This election has been unique. In the enthusiasm of support, grass roots supporters have put up hundreds of posters and stickers of Barack Obama, emblazoned with the word “Hope,” on stop signs, underpasses, buildings, and billboards. T-shirts abound with a wide variety of images, messages, and quotes.
Most of the memorable work of this election has not come from ad agencies but from a subculture of artists and crafters who have used a myriad of materials to show their support for Barack Obama. Oddly, there is no similar support for John McCain.
Two of the more major print artists whose work has appeared around the nation and throughout Europe are Ray Noland, thirty-five, a freelance graphic designer and Shepard Fairey, a thirty-eight-year-old street artist.
Fairey, who created an image of Obama with “hope,” and various other slogans, at the bottom, has been thanked personally by the Obama campaign. He has been arrested multiple times for trespassing and vandalism while putting up his guerrilla art and was worried that Obama’s campaign might not want to be associated with street art. “When you look at how the general public looks at [street art], they’re scared of it,” he says. “They associate it with gang bangers and anarchists.” However, without condoning tagging, the Obama campaign has embraced his art and enthusiasm.
Ray Noland first sold his posters to friends with basketball imagery to appeal to urban youth. In North Carolina, Noland was surprised by a visit from Michelle and Barack Obama, who “spent all of this time just gazing at the images,” Noland said. Obama told him to keep up the good work.
In July of this year, Def Jam Recordings founder Russell Simmons hosted his annual celebrity-studded benefit at his home in East Hampton, NY to raise money for his arts-education charity. The leading auction item was artist Shepard Fairey’s stenciled Obama portrait. The presale bidding for the work donated by the artist had reached $60,000, double its initial estimate. The gala raised more than $575,000 in total.
However, these two artists are not the end of what’s out there in support for Obama’s campaign. Before the convention, MoveOn.org hosted the Manifest Hope Gallery Contest—a national art competition. Artists from around the country were asked to submit work about Obama or works centered on the themes of hope, progress, change, patriotism, or unity.
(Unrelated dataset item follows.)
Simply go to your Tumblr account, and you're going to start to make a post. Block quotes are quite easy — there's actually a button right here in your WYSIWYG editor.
The Manifest Hope Gallery was created in Downtown Denver for the convention and continues to sell art online to benefit the campaign at Manifesthope.com.
If you want to keep on top of the art as it hits the streets for Obama, you can check out Obama Art Report. It’s a blog set up for artists to get their work out there and I must say some of the t-shirts are amazing. It also includes the Art for Obama, which is an online auction to raise money for the campaign and is full of provocative work.
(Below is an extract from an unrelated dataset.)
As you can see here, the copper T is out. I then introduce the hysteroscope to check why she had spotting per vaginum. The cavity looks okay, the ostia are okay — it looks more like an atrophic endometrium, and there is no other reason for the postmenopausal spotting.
If you surf the internet then you will find other crafters, needle-felting kits, crochet and knitting patterns, and embroidery patterns all to support Barack Obama’s campaign. The options are seemingly endless.
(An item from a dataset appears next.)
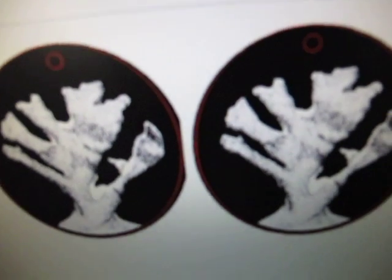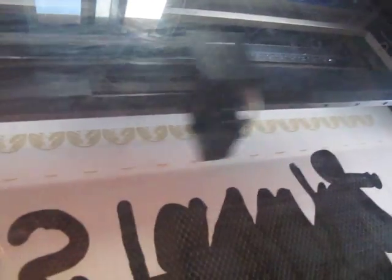This is what the file is supposed to look like. As you can see, all we're trying to do is cut circles. It's not a very complex file, and this is our result consistently.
Just to round this out so you don’t think I’m completely biased on the subject, I did look for some McCain/Palin art and you can find the usual smattering of created t-shirts on CafePress.com and a few conservative t-shirt and bumper sticker sites, but none of the amazing support that Obama seemingly commands.
Megan Smith, in an article at Blogher.com on videos and music of the campaign, puts it best: “But I gotta tell you, you Republicans need to get off the dime. I can find as many pro-Obama videos and song parodies as I want. But if I want pro-McCain or pro-Palin comedy, I’m up the creek without a paddle.” (Check out the rest of her post here.) Maybe this is exactly the gauntlet the Republicans need—get behind your candidate and create!